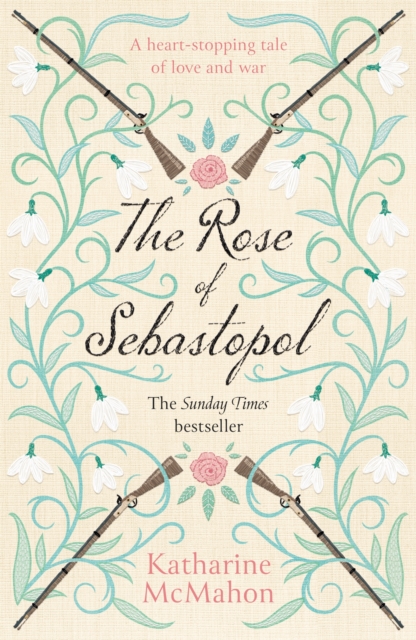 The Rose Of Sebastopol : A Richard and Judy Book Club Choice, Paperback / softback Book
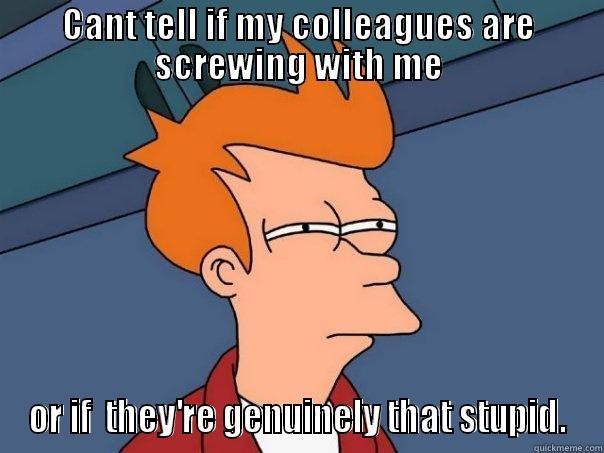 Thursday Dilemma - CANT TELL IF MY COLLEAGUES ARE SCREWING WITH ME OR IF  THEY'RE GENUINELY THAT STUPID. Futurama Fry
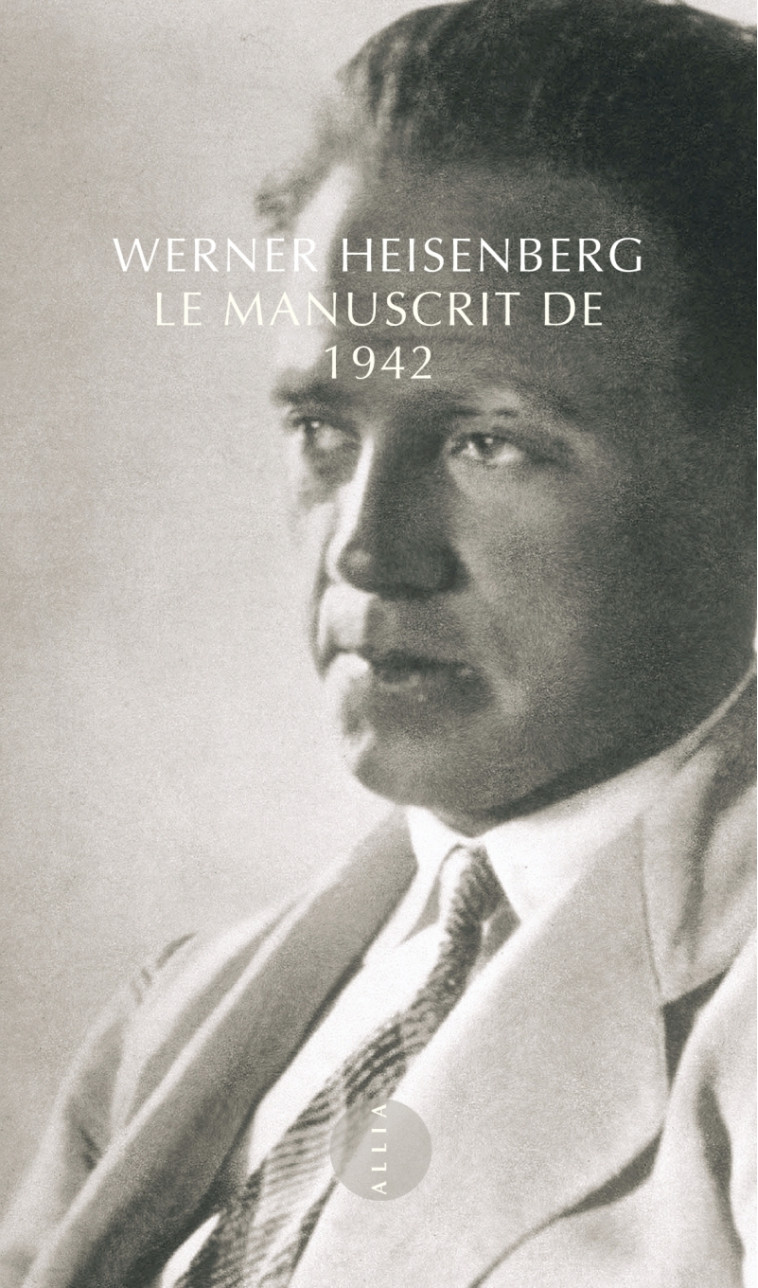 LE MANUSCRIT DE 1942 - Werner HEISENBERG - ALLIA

• • • • •

**Assignment:**
With images left out, the data must be transcribed exactly.

**Answer:**
 The Rose Of Sebastopol : A Richard and Judy Book Club Choice, Paperback / softback Book
 Thursday Dilemma - CANT TELL IF MY COLLEAGUES ARE SCREWING WITH ME OR IF  THEY'RE GENUINELY THAT STUPID. Futurama Fry
 LE MANUSCRIT DE 1942 - Werner HEISENBERG - ALLIA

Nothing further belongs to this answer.